> What is being asked
Once you find the line with "iShopping - Appollo" in the entries below, print it and each line after it up to and including the line with "Jeans im 5-Pocket-Design", exactly, without pictures.

[[ Data to process open ]]

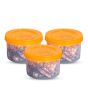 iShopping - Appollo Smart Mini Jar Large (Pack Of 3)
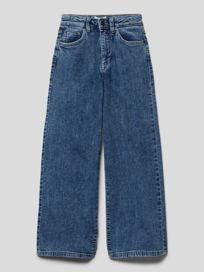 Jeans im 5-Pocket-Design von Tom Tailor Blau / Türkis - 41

[[ Data to process closed ]]
[[ Data to process open ]]

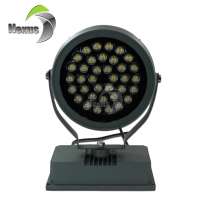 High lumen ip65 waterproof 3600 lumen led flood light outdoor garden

[[ Data to process closed ]]

> Reply to the exercise
 iShopping - Appollo Smart Mini Jar Large (Pack Of 3)
 Jeans im 5-Pocket-Design von Tom Tailor Blau / Türkis - 41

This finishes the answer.